> **Exercise aim**: Within the records below, find the line with "10 cent 1874" and the line with "Outsunny Set of", then reproduce exactly those two lines and all lines between them, without any picture.

> **Materials provided**:

----

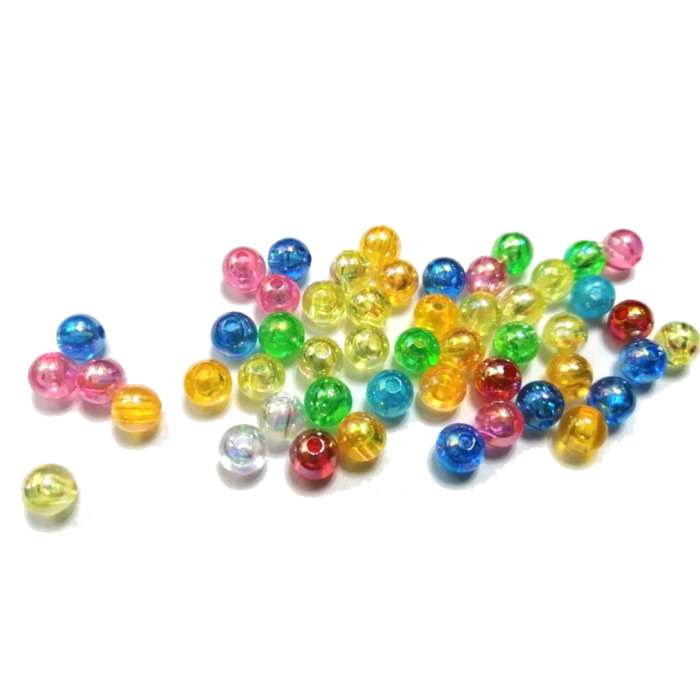 Beads / Acrylic Beads - 6mm ball -  50pcs - glossy glass optic- color mix / Beads for crafting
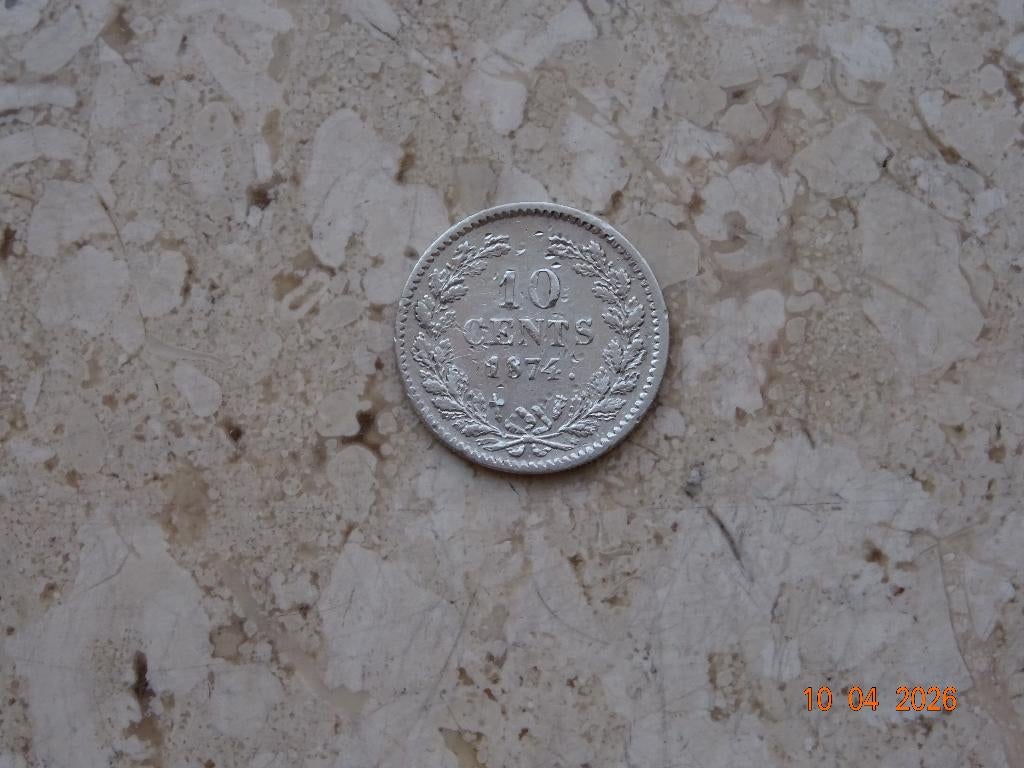 10 cent 1874 (met klaverblad), Koning Willem III, Verzenden, Zilver, 10 cent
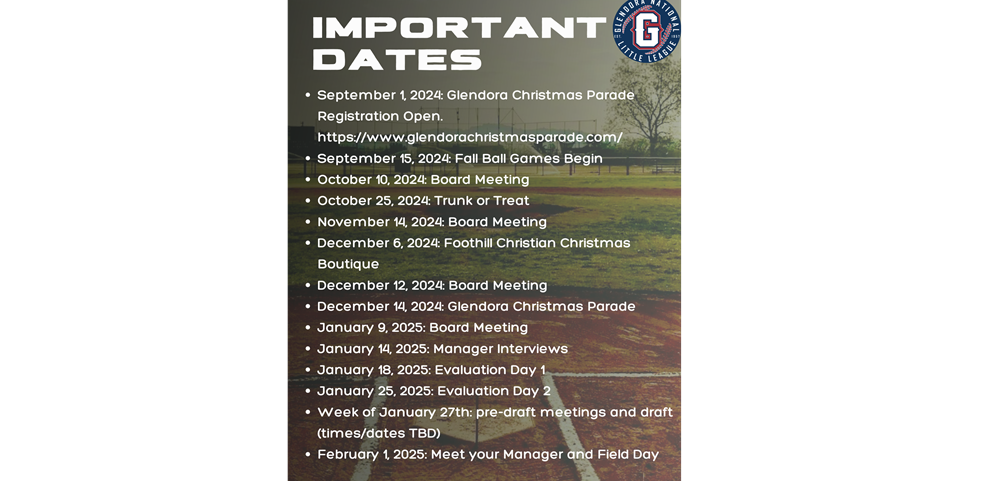 IMPORTANT DATES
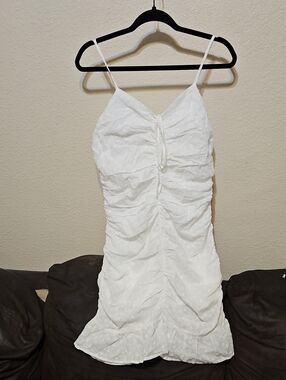 White Ruched Eyelet Midi Dress with Spaghetti Straps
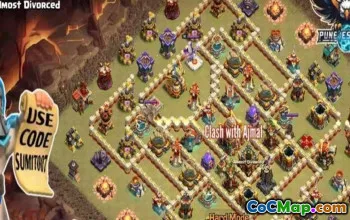 town hall 16, trophy/war base layout #43581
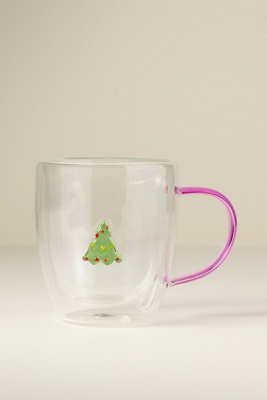 Anthropologie Icon Glass Mug: Holiday Edition In Transparent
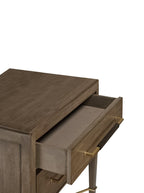 Chiara Nightstand - Wood, Metal Base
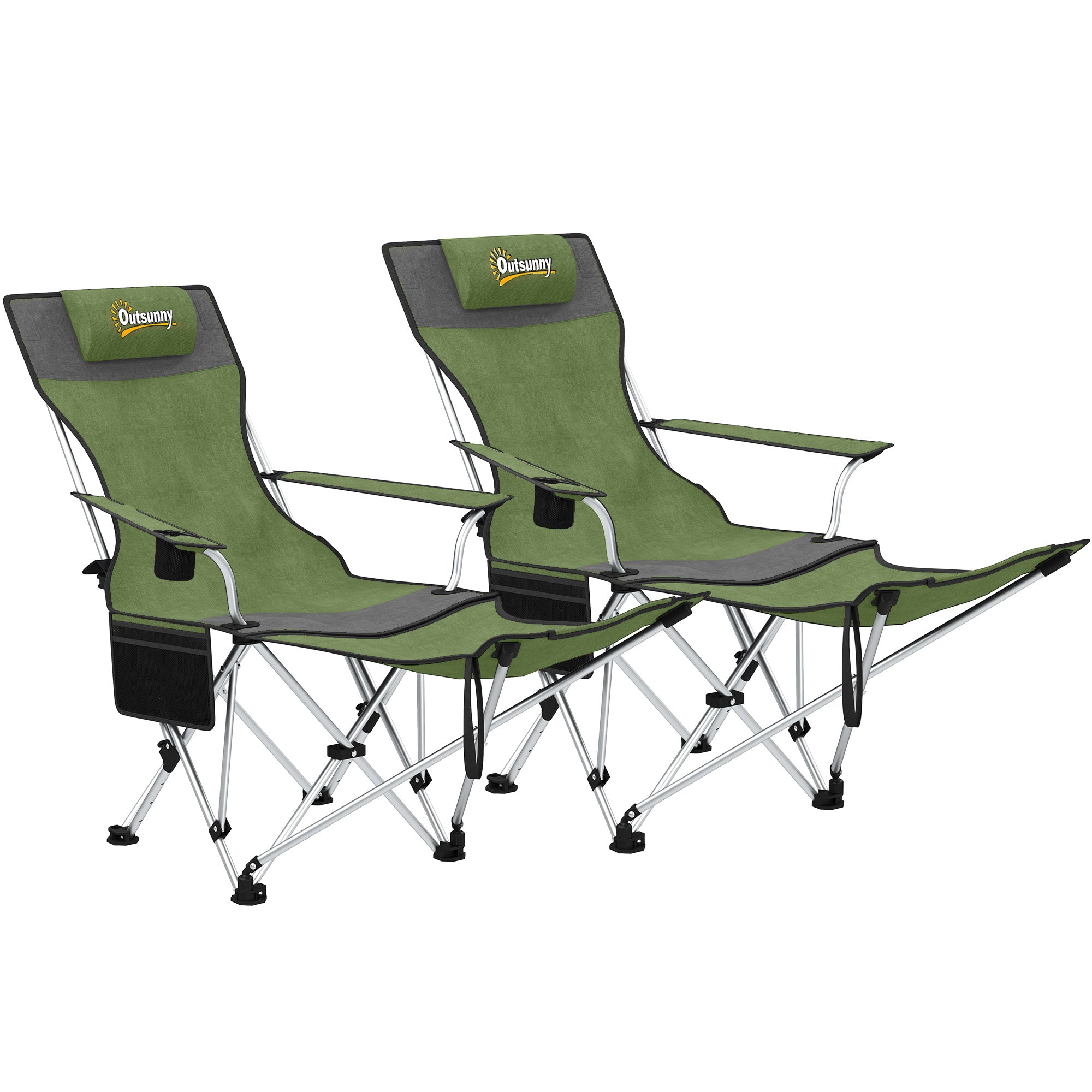 Outsunny Set of 2 Reclining Folding Camping Chair w/ Detachable Footrest, Storage Bag, Cup Holder & Headrest, Lightweight Portable Camp Chair for Beach, Picnic, Olive Green and Grey - North Peak Garden Furniture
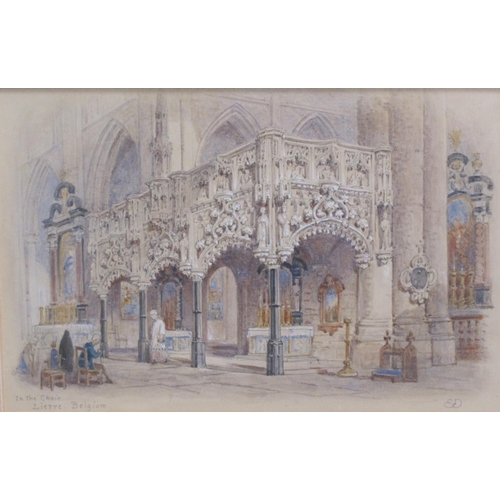 1120 - EDWIN DOLBY. Old Inn Yard, Strasbourg; and Beauvais Cathedral, signed, one dated (18)93, watercolour... 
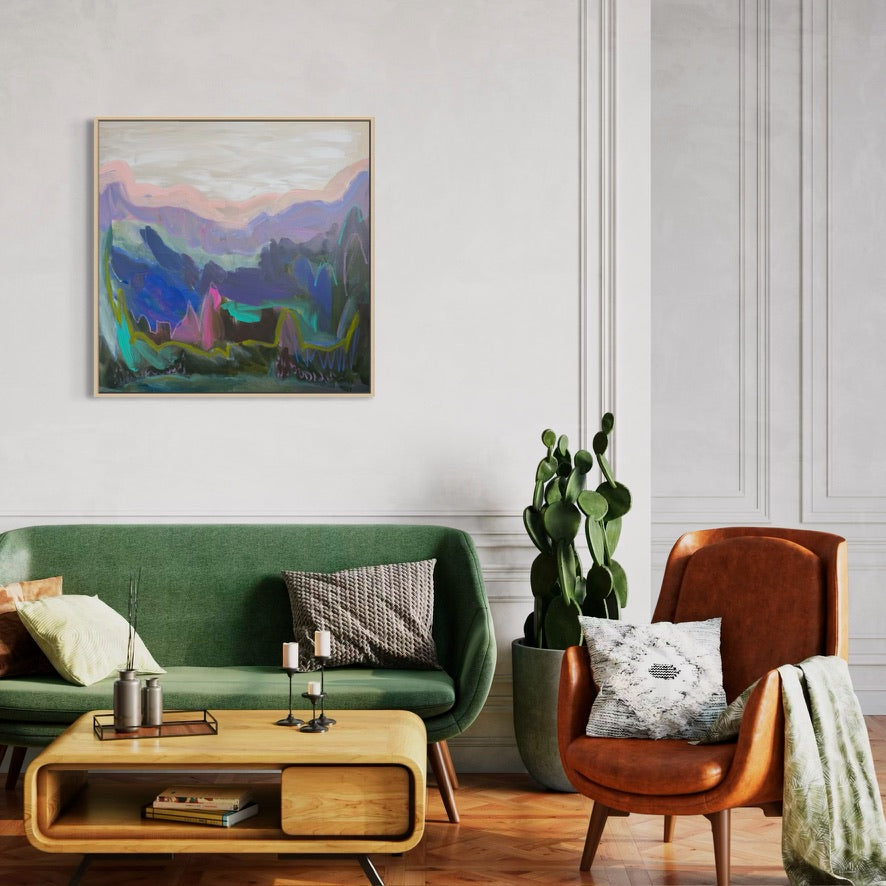 36" x 36" Abstract Landscape (Acrylic and oil stick on canvas)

----

> **Result below**:
 10 cent 1874 (met klaverblad), Koning Willem III, Verzenden, Zilver, 10 cent
 IMPORTANT DATES
 White Ruched Eyelet Midi Dress with Spaghetti Straps
 town hall 16, trophy/war base layout #43581
 Anthropologie Icon Glass Mug: Holiday Edition In Transparent
 Chiara Nightstand - Wood, Metal Base
 Outsunny Set of 2 Reclining Folding Camping Chair w/ Detachable Footrest, Storage Bag, Cup Holder & Headrest, Lightweight Portable Camp Chair for Beach, Picnic, Olive Green and Grey - North Peak Garden Furniture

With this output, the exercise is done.